Exercise details >> Using only the entries below, output the lines starting at the one containing "Air Jordan 1" and ending at the one containing "Подножки Toyota Land", exactly and inclusive of both, omitting the pictures.

Task data >>
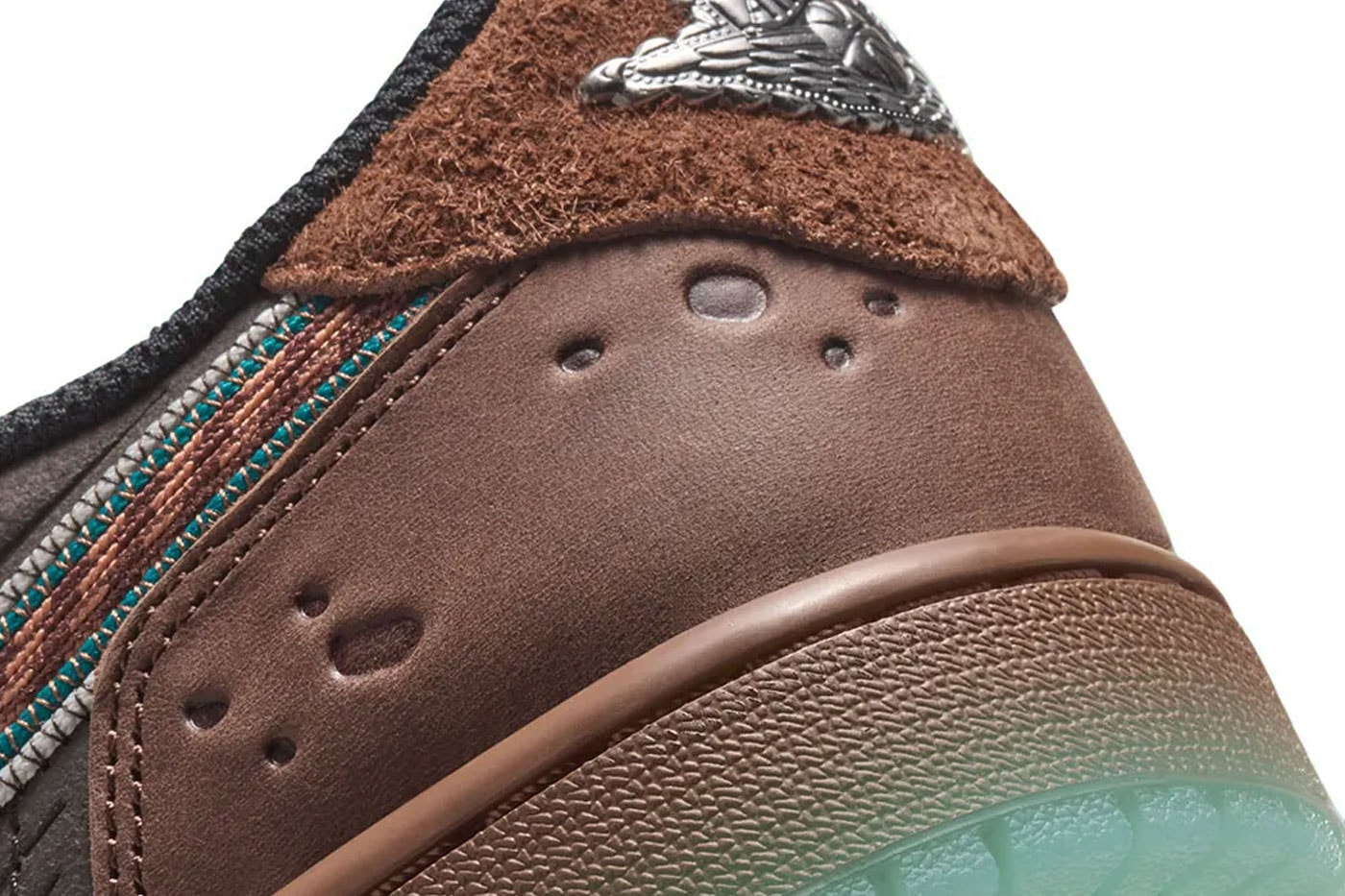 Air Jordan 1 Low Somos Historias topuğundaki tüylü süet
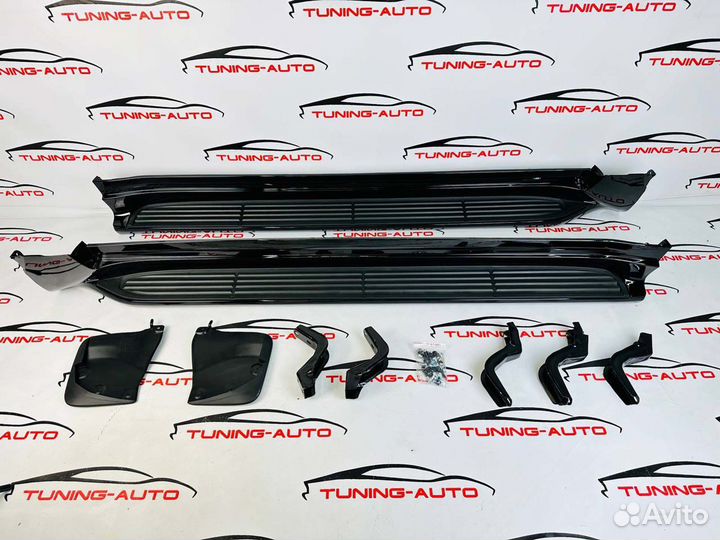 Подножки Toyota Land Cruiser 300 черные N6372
---
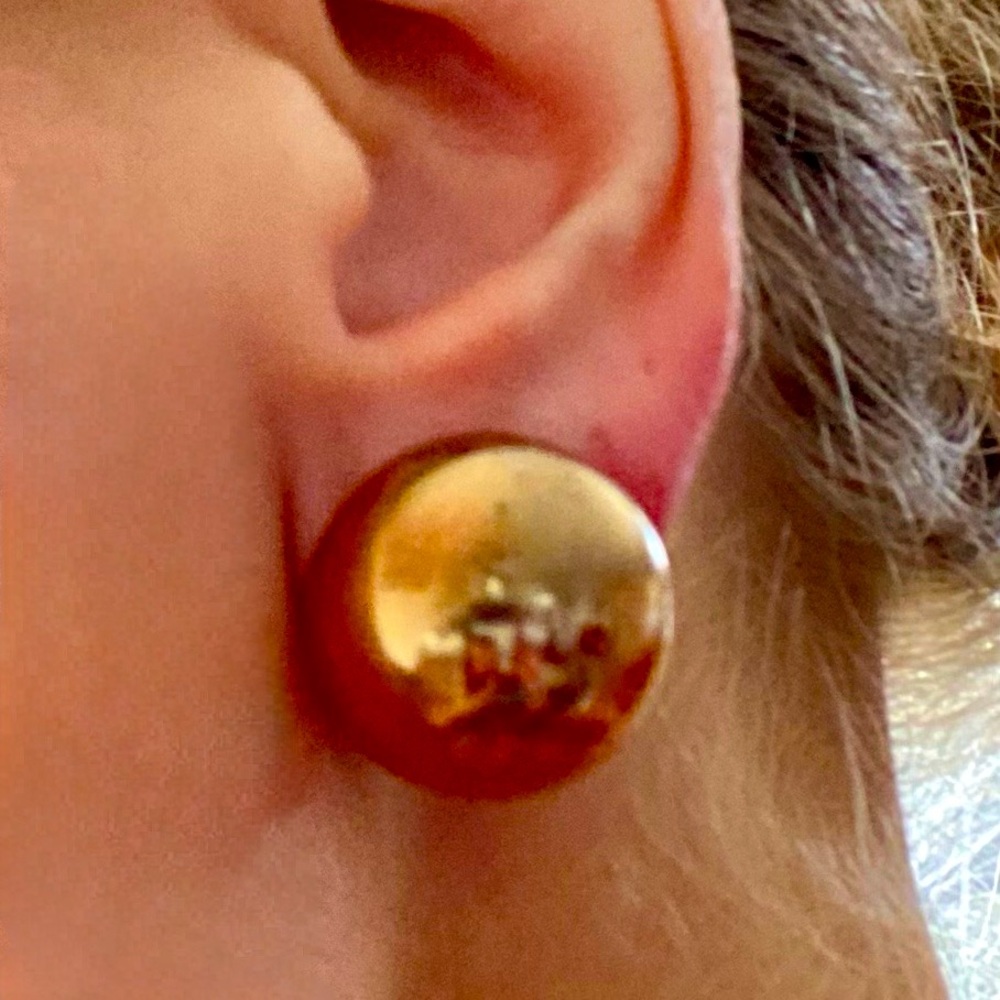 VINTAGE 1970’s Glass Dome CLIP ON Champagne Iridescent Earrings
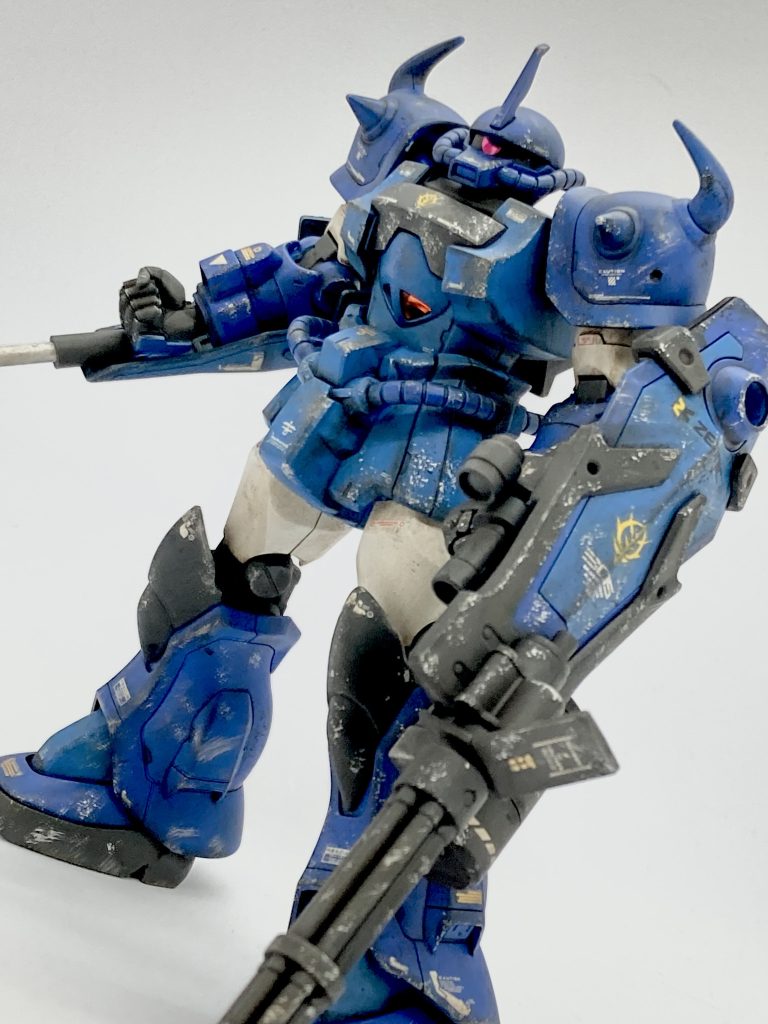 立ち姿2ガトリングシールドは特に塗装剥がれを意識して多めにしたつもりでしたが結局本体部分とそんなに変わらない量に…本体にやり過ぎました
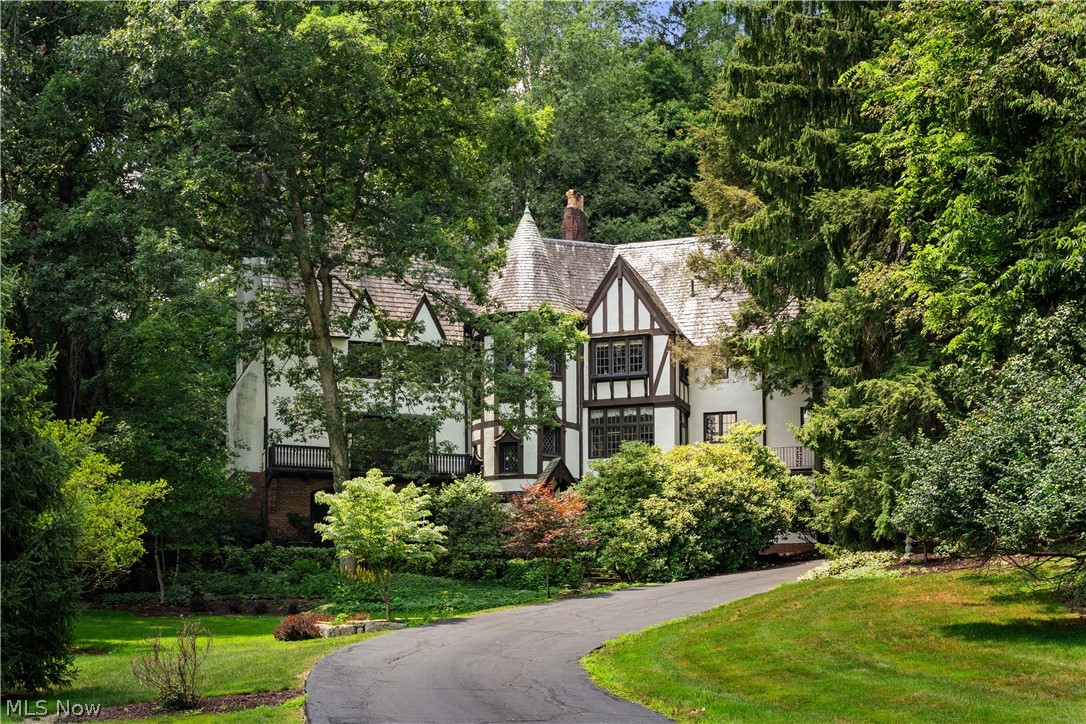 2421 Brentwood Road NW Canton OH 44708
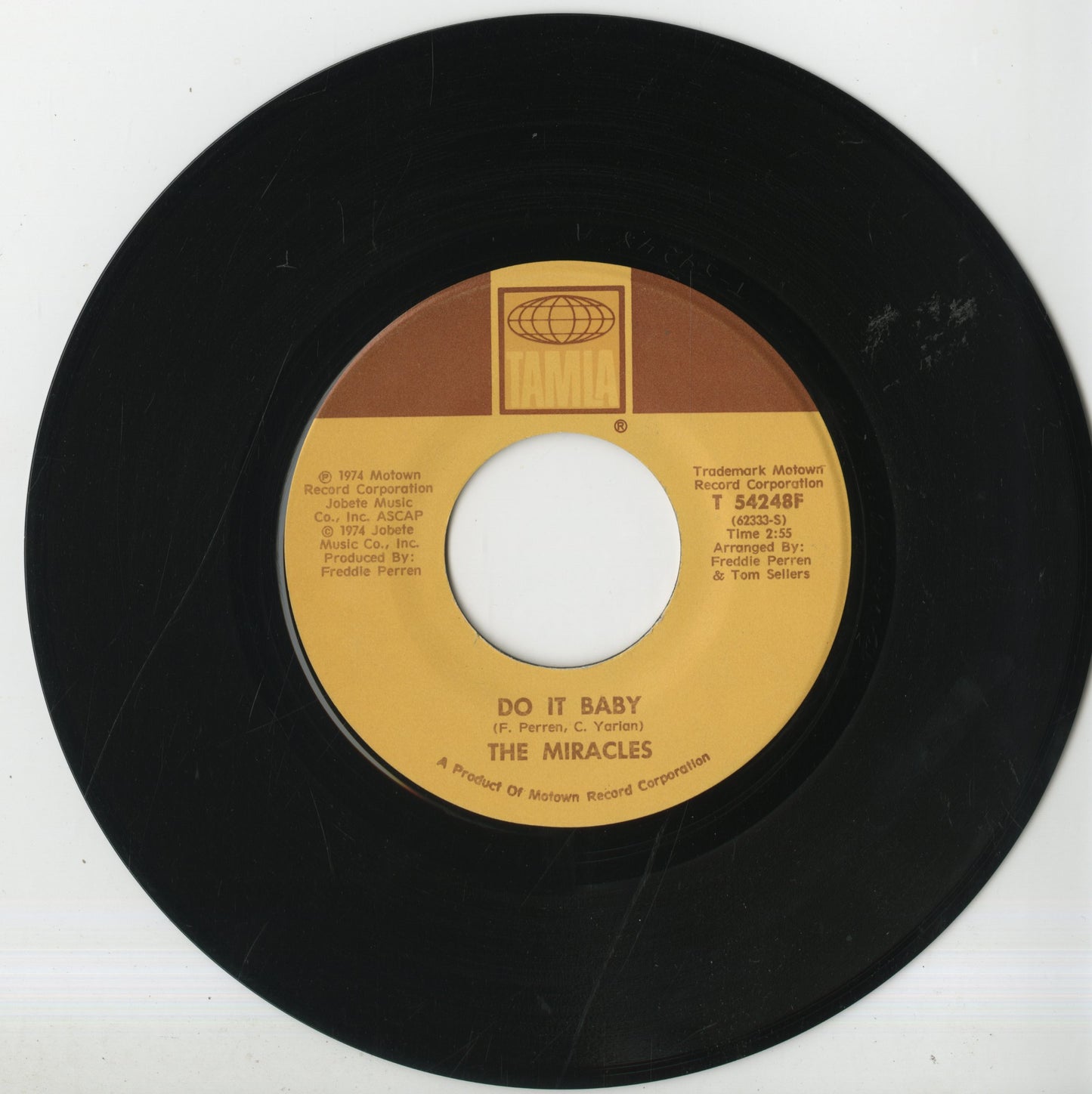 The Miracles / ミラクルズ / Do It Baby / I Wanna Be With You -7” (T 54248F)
==
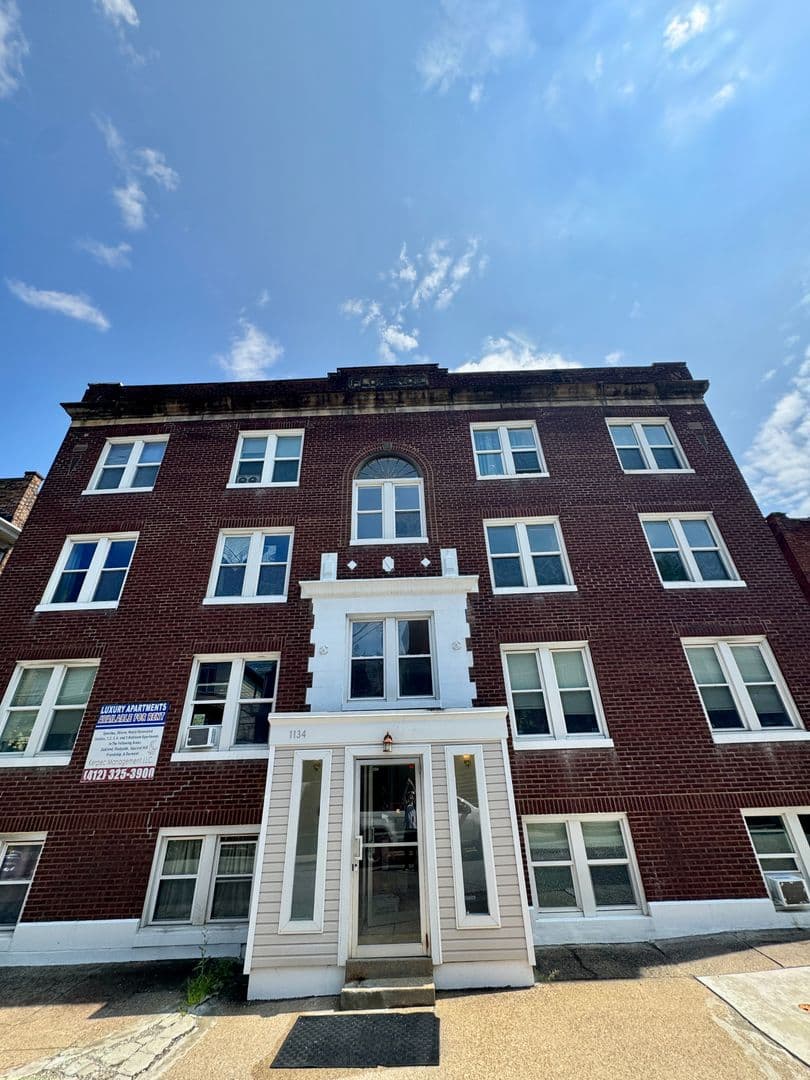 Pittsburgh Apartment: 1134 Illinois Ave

Your response >>
 Air Jordan 1 Low Somos Historias topuğundaki tüylü süet
 Подножки Toyota Land Cruiser 300 черные N6372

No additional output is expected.